EXERCISE MATERIALS:

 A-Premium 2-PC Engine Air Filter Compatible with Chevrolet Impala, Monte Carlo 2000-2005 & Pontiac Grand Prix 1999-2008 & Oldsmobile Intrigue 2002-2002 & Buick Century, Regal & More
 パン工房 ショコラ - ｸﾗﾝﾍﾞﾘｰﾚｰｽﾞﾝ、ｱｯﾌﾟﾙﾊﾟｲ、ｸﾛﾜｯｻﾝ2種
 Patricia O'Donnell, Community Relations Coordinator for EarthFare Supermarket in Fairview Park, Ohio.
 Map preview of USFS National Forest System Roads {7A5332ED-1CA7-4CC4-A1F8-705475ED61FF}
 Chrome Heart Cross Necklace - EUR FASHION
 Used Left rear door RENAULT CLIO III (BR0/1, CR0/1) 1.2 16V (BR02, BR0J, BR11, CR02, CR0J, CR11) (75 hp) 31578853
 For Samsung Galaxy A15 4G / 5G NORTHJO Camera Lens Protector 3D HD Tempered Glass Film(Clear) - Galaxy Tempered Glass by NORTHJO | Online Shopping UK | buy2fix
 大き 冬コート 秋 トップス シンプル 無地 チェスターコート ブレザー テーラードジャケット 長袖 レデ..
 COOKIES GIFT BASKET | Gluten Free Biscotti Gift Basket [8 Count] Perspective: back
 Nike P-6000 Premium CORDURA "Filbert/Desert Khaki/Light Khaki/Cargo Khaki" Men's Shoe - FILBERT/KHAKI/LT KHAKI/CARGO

DESCRIPTION OF THE TASK:
Would you output the lines from the one that contains "Used Left rear" to the end of the data, both ends included, exactly as they appear?

ANSWER TO THIS EXERCISE:
 Used Left rear door RENAULT CLIO III (BR0/1, CR0/1) 1.2 16V (BR02, BR0J, BR11, CR02, CR0J, CR11) (75 hp) 31578853
 For Samsung Galaxy A15 4G / 5G NORTHJO Camera Lens Protector 3D HD Tempered Glass Film(Clear) - Galaxy Tempered Glass by NORTHJO | Online Shopping UK | buy2fix
 大き 冬コート 秋 トップス シンプル 無地 チェスターコート ブレザー テーラードジャケット 長袖 レデ..
 COOKIES GIFT BASKET | Gluten Free Biscotti Gift Basket [8 Count] Perspective: back
 Nike P-6000 Premium CORDURA "Filbert/Desert Khaki/Light Khaki/Cargo Khaki" Men's Shoe - FILBERT/KHAKI/LT KHAKI/CARGO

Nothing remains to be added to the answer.